Opening The Door To Real World Book Connections


One of the first books on my list to book talk this fall is Kate Messner’s engaging All the Answers. The main character Ava is a worrier.  Her fears often get in the way of showing others the vibrant person she truly is on the inside. In truth, most of us let a fear get in the way now and again.

For middle school students life is often about risk and reward. Where do I fit in? What will happen if I step outside my comfort zone? What defines me? These are heady questions for 11-14 year olds. A great way to broaden student thinking about how people deal with these questions is relating the well-crafted fiction they read with real life stories.

CBS Sunday Morning ran a story on July 19th about a woman in New York who set out to conquer 100 fears in 100 days.  Like Ava, she is a worrier. For a class at New York’s School of Visual Arts, Michelle Poler created a 100 day project to address something most of us experience: fear.

Michelle flew on a trapeze, held a tarantula and a snake, fried food and even jumped out of an airplane.  Not surprisingly, what Michelle found was she had the strength inside all along.  The point of this story dovetails nicely with Kate Messner’s message in All the Answers (although Michelle’s real life story lacks the magic pencil in All the Answers that will hook my students!). But, as students reflect on Messner’s book they can see a real life example in action, allowing them to come one step closer to addressing their own fears.

This summer I am consciously looking for real world connections to the books my students read…and the connections are everywhere! My goal is to start the year with a long list of paired texts.  So far, my list includes poetry, news clips, articles, podcast stories, environmental print and music.

To build the list, I must be very intentional and read broadly…something I ask my students to do! My car rides are filled with NPR, I look at newspapers and magazine with an eye toward connections and I seek out sources from friends.

As a lovely silver lining, the connection between my personal reading and the stories around me is becoming more and more organic.
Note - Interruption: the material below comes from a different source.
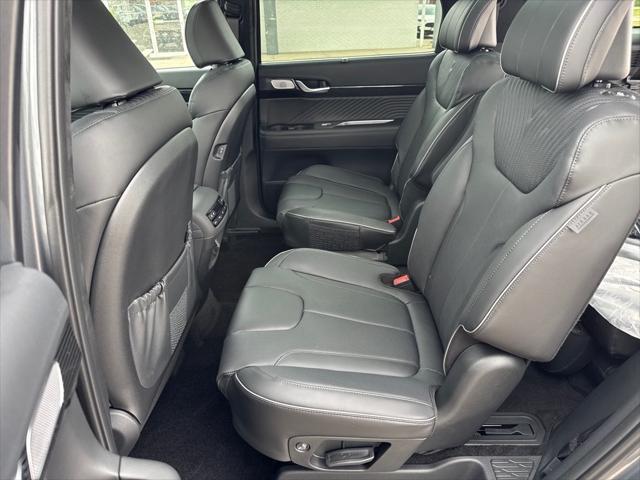 new 2025 Hyundai Palisade car, priced at $53,694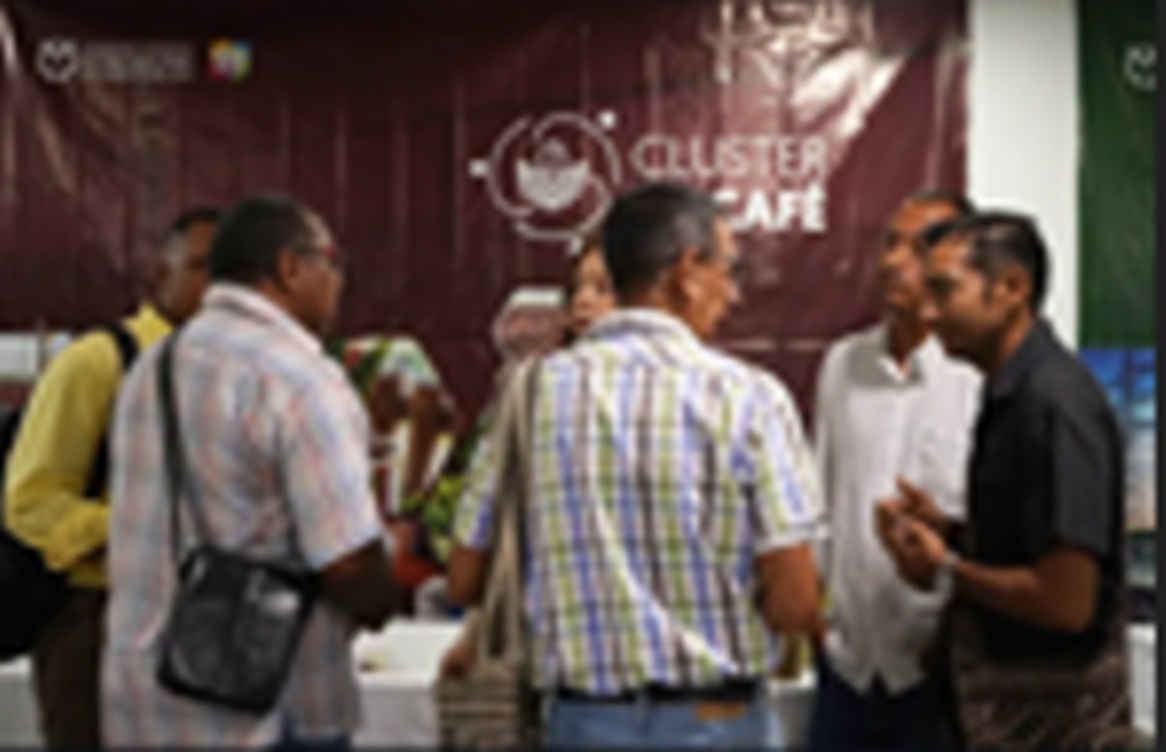 Networking para clústeres 2025.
This is a useful skill for students of any age.

The Community of Teachers

For the second summer week in a row I feel joy in the community of teachers.   This sense of comfort is easy to find during the school year — pop into a teacher’s classroom for advice or participate in a brainstorming session.  But in the summer, teachers come together for the love of teaching.

Last week I attended the July Reading Institute at Columbia’s Teachers College Reading and Writing Project (TCRWP).  An army of 1,200 strong listened to the latest research, laughed with keynote speaker Jacqueline Woodson and shared ideas to take back tot he classroom.  The generosity of spirit was invigorating.  Some of us were only a couple of days removed from the classroom but we were all equally eager to engage.  I left New York with new friends and the promise of sharing ideas across the transom.

Today I begin the Teachers Write summer project.  Authors Kate Messner, Jo Knowles and Gae Polisner host over a thousand teachers, challenging us to write every day.  Over the course of several weeks, a couple dozen guest authors will provide prompts, comments and encouragement.  Equally important, the community of writers will share and provide support.  I am excited for the challenge and hope to find my writing voice over the next several weeks.  I plan to write for writing’s sake…to see where the words take me.  Unlike most of my writing, this summer work is not audience-driven or lesson-based.

The slower days of summer offer the community of teachers a chance to truly shine.  When we are not bound by classrooms or schedules, we teachers can reenergize.  But I marvel at the flow of creativity that these warm, supposedly lazy days bring out!